#### GOAL OF THE EXERCISE
Start to finish, print the entries exactly, and carry none of the pictures over.

━━━━━ STUDY MATERIAL ━━━━━

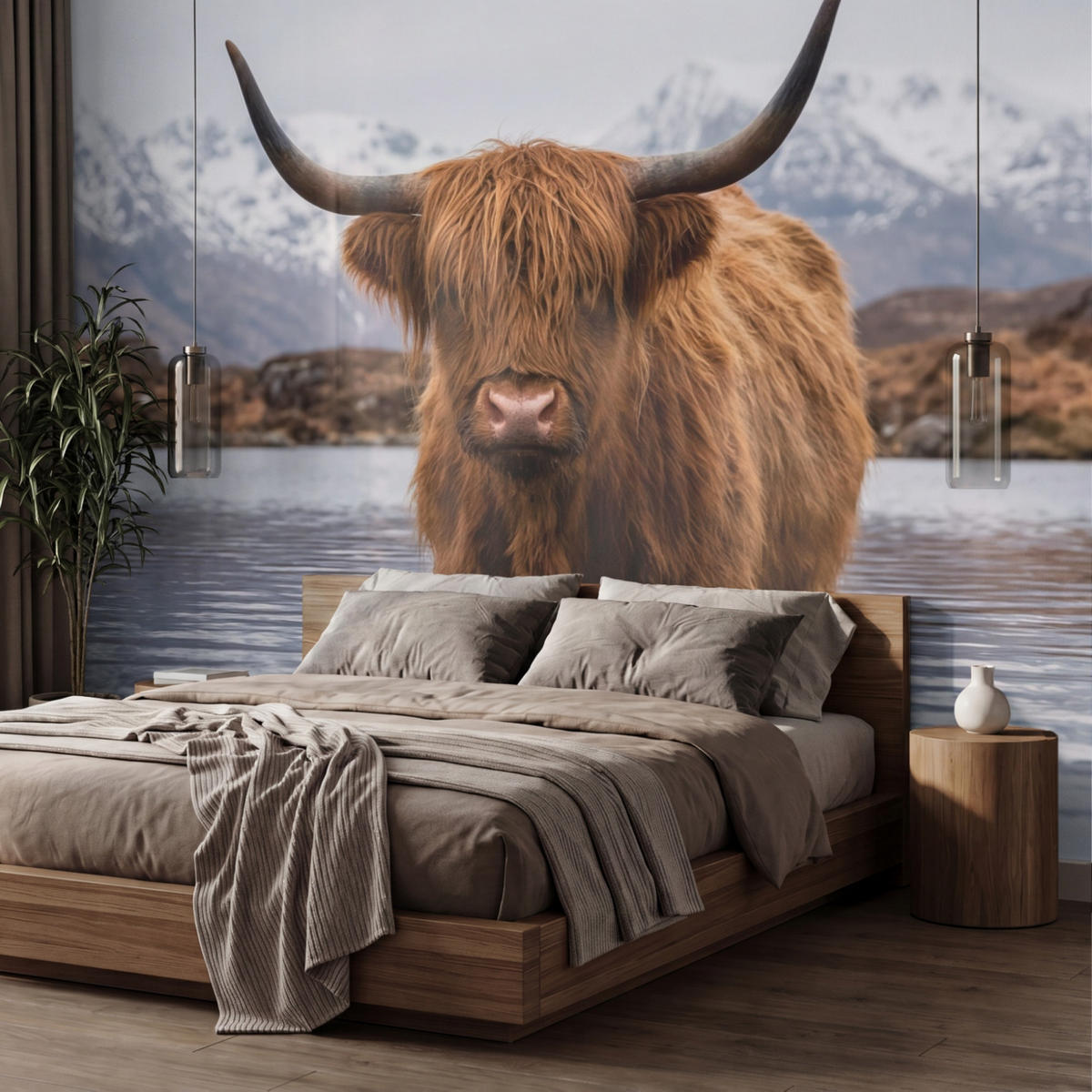 TAPETE - Schottischer Hochländer - Braun - Wasser - 350x240 cm - Braun, Papier (350/240cm) - OnlyWow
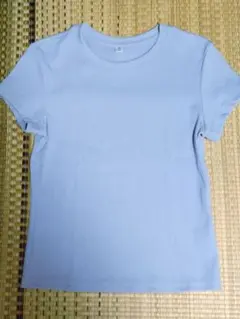 GU リブTシャツ 半袖 ライトブルー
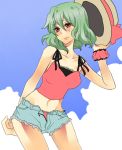  alternate_costume blush camisole contemporary green_hair hat kazami_yuuka midriff motimoti panties red_eyes short_hair shorts sun_hat touhou underwear unzipped 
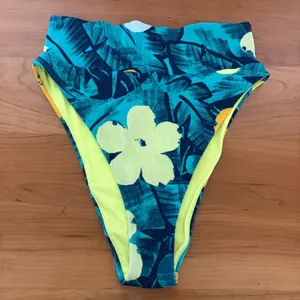 Aerie High Cut Cheeky Bikini Bottom Teal Tropical Floral Ribbed Small thumbnail 1
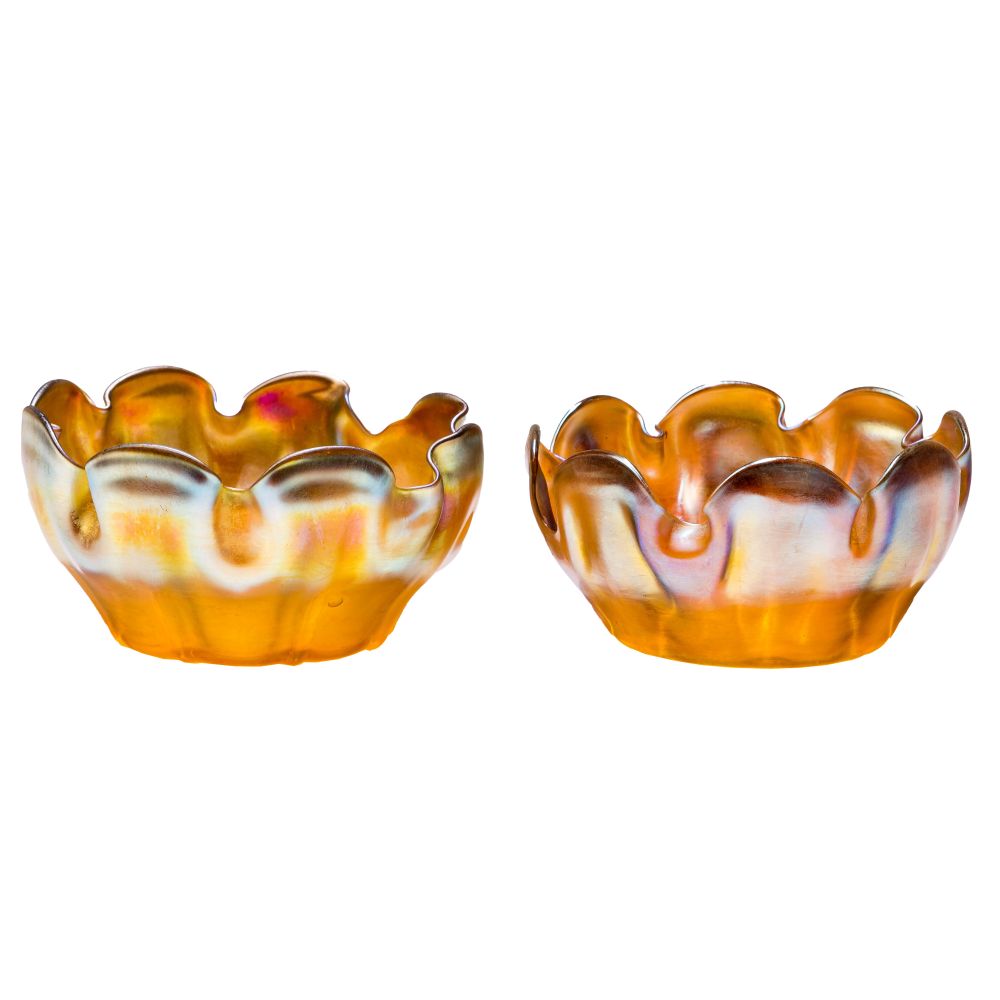 Appraisal: LOUIS COMFORT TIFFANY FINGER BOWLSPair gold Favrile ruffled edged floriform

━━━━━

#### ANSWER SECTION
 TAPETE - Schottischer Hochländer - Braun - Wasser - 350x240 cm - Braun, Papier (350/240cm) - OnlyWow
 GU リブTシャツ 半袖 ライトブルー
  alternate_costume blush camisole contemporary green_hair hat kazami_yuuka midriff motimoti panties red_eyes short_hair shorts sun_hat touhou underwear unzipped 
 Aerie High Cut Cheeky Bikini Bottom Teal Tropical Floral Ribbed Small thumbnail 1
 Appraisal: LOUIS COMFORT TIFFANY FINGER BOWLSPair gold Favrile ruffled edged floriform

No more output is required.